Personal information
- Born: November 8, 1989 (age 36) Rock Hill, South Carolina, U.S.
- Listed height: 6 ft 1 in (1.85 m)
- Listed weight: 210 lb (95 kg)

Career information
- High school: Rock Hill
- College: Clemson
- NFL draft: 2013: 5th round, 143rd overall pick

Career history
- Buffalo Bills (2013–2016);

Career NFL statistics
- Total tackles: 31
- Forced fumbles: 1
- Fumble recoveries: 1
- Pass deflections: 1
- Stats at Pro Football Reference

= Jonathan Meeks =

American football player (born 1989)

Jonathan Meeks (born November 8, 1989) is an American former professional football player who was a safety in the National Football League (NFL). He played college football for the Clemson Tigers and was selected by the Buffalo Bills in the fifth round of the 2013 NFL draft.

==Early life==
Meeks attended Rock Hill High School in Rock Hill, South Carolina, where he played quarterback and free safety as a senior. He had 896 rushing yards and 14 touchdowns, and 612 passing yards and seven touchdowns. Defensively, he recorded 69 tackles and two interceptions. He spent one semester at Hargrave Military Academy in Chatham, Virginia following high school, in order to raise his necessary test scores for NCAA standards.

He was rated a four-star recruit by Rivals.com.

==College career==
While attending Clemson University in Clemson, South Carolina, Meeks played for the Tigers from 2009 to 2012.

==Professional career==
He was selected by the Buffalo Bills in the fifth round, 143rd overall, of the 2013 NFL draft.
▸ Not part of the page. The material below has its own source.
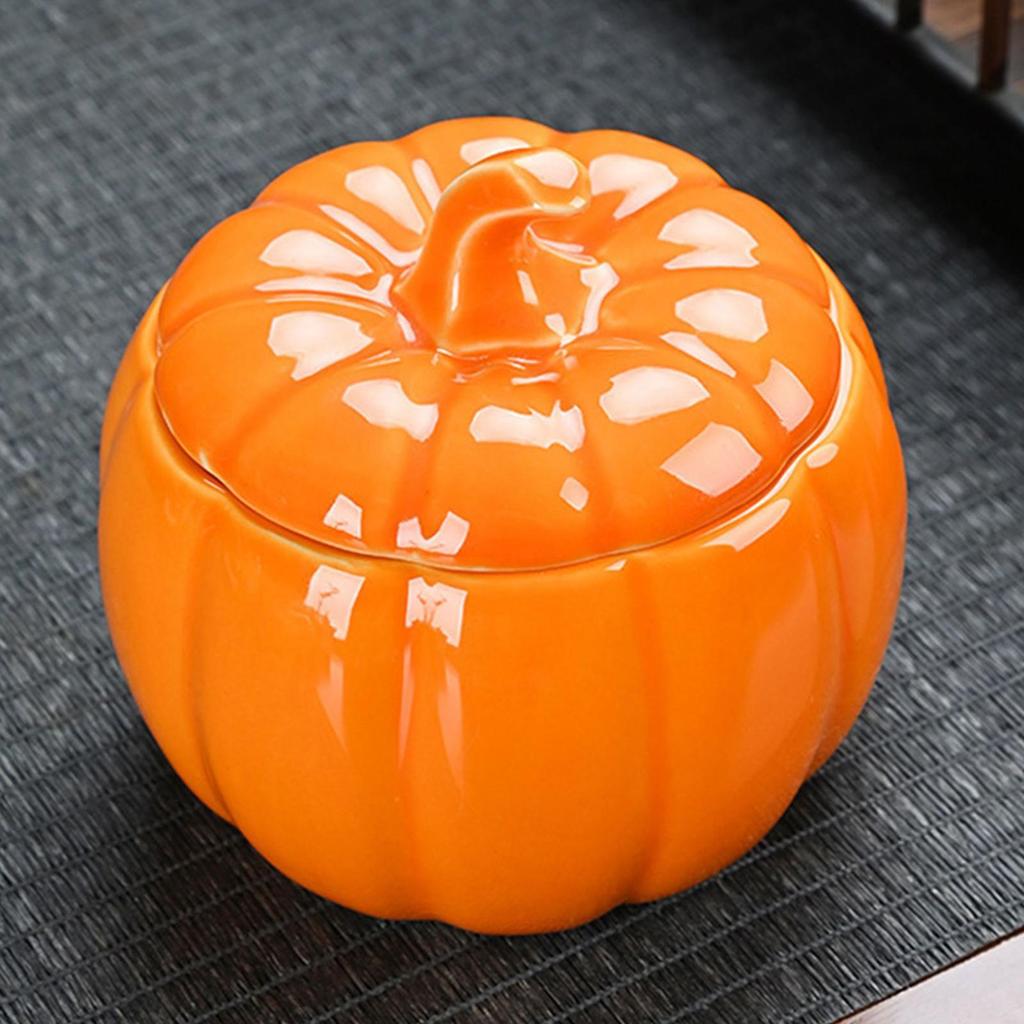 Small Ceramic Pumpkin Jar with Lid Food Storage Container for Candy Treats Kitchen Canisters Party Fall Home Table Decoration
Expected to back up Aaron Williams at strong safety with Duke Williams, who was also selected in the 2013 NFL draft. He was injured while playing against Cincinnati Bengals in Week 4 and was placed on the injured reserve designated to return list. He was released by the Bills on September 5, 2015. On September 6, 2015, the Bills signed Meeks to their practice squad. On September 23, 2015, Meeks was promoted to the active roster from the practice squad.

===NFL statistics===

| Year | Team | GP | COMB | TOTAL | AST | SACK | FF | FR | FR YDS | INT | IR YDS | AVG IR | LNG | TD | PD |
|---|---|---|---|---|---|---|---|---|---|---|---|---|---|---|---|
| 2013 | BUF | 8 | 2 | 1 | 1 | 0.0 | 0 | 0 | 0 | 0 | 0 | 0 | 0 | 0 | 0 |
| 2015 | BUF | 12 | 12 | 8 | 4 | 0.0 | 1 | 0 | 0 | 0 | 0 | 0 | 0 | 0 | 0 |
| 2016 | BUF | 16 | 17 | 12 | 4 | 0.0 | 0 | 0 | 0 | 0 | 0 | 0 | 0 | 0 | 1 |
| Career |  | 36 | 31 | 22 | 9 | 0.0 | 1 | 0 | 0 | 0 | 0 | 0 | 0 | 0 | 1 |

== Legacy & awards ==
In 2024, Meeks was inducted into the York County Sports Hall of Fame.